Corporate Globalization Fact Sheet
March 22nd, 2001
Fifty-one of the world's top 100 economies are corporations.
Royal Dutch Shell's revenues are greater than Venezuela's Gross Domestic Product. Using this measurement, WalMart is bigger than Indonesia. General Motors is roughly the same size as Ireland, New Zealand and Hungary combined.
There are 63,000 transnational corporations worldwide, with 690,000 foreign affiliates.
Three quarters of all transnational corporations are based in North America, Western Europe and Japan.
Ninety-nine of the 100 largest transnational corporations are from the industrialized countries.
WTO and Global Trade: Who Benefits?
Since it was created in 1995, the WTO has ruled that every environmental policy it has reviewed is an illegal trade barrier that must be eliminated or changed. With one exception, the WTO also has ruled against every health or food safety law it has reviewed.

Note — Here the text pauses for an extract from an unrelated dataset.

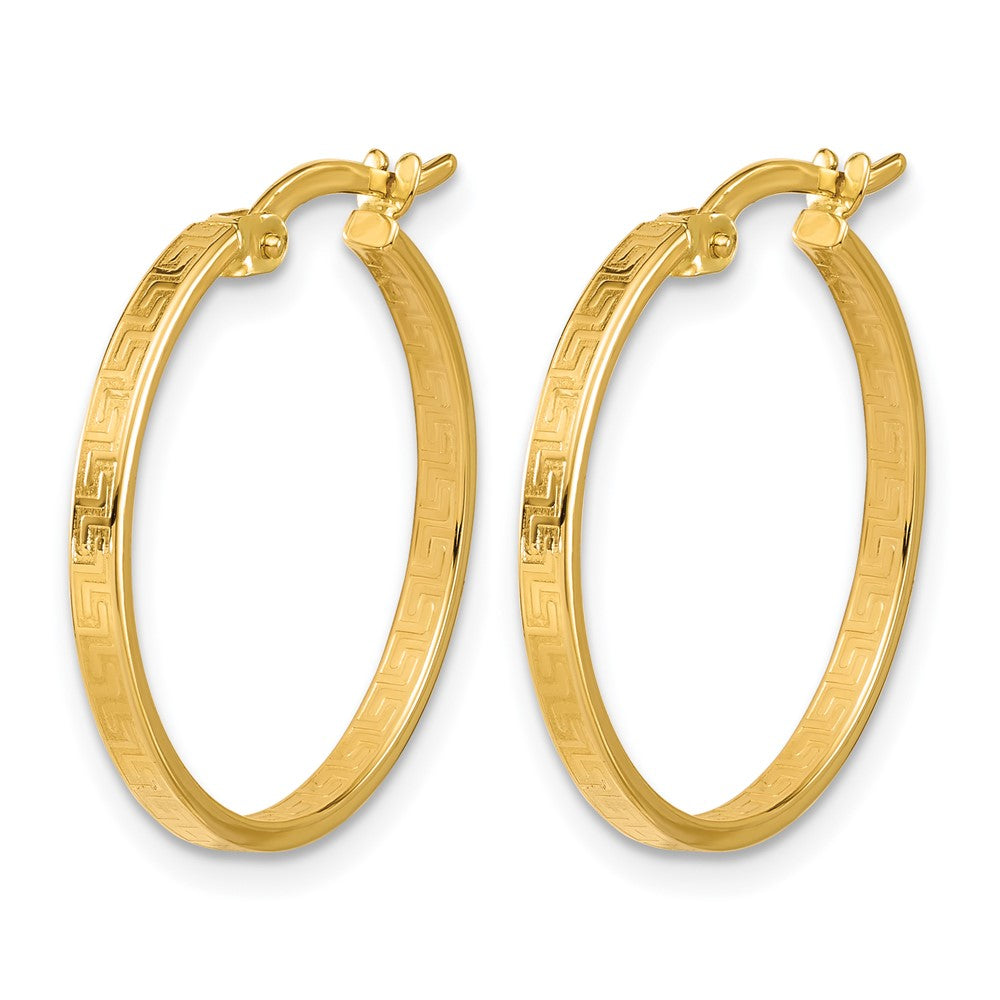 14K Gelbgold Poliert Greek Key Rund Creolen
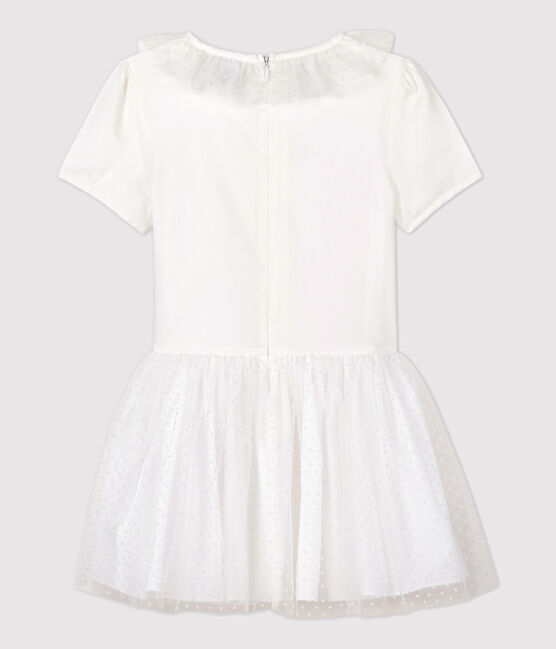 Vestido de celebración de satén y tul de niña blanco MARSHMALLOW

Nations whose laws were declared trade barriers by the WTO-or that were merely threatened with WTO action-have eliminated or watered down their policies to meet WTO requirements.
Supposedly each of the WTO's 134 member countries have an equal say in governance. In practice, decision-making is dominated by the "Quad": USA; European Union; Japan and Canada.
Each member of the Quad represents its corporations' interests at the WTO. These corporations are often directly involved in writing and shaping WTO rules. In the U.S. this is achieved through official "Trade Advisory Committees" which are dominated by the private sector.
For instance, the US International Trade Administration's Energy Advisory Committee is made up exclusively of representatives of giant oil, mining, gas and utility corporations, including Texaco, Enron, Halliburton and Freeport-McMoran.
The top fifth of the world's people in the richest countries enjoy 82% of the expanding export trade and 68% of foreign investment-the bottom fifth, receive roughly 1%.
Women comprise 70 percent of the world's 1.3 billion absolute poor. Worldwide, they bear the brunt of economic and financial transition and crisis caused by market forces and globalization.
NAFTA & FTAA: Who Benefits?
Seventy-five percent of Mexico's population lives in poverty today, compared with 49 percent in 1981, before Mexico underwent reforms that paved the way for NAFTA-the North American Free Trade Agreement.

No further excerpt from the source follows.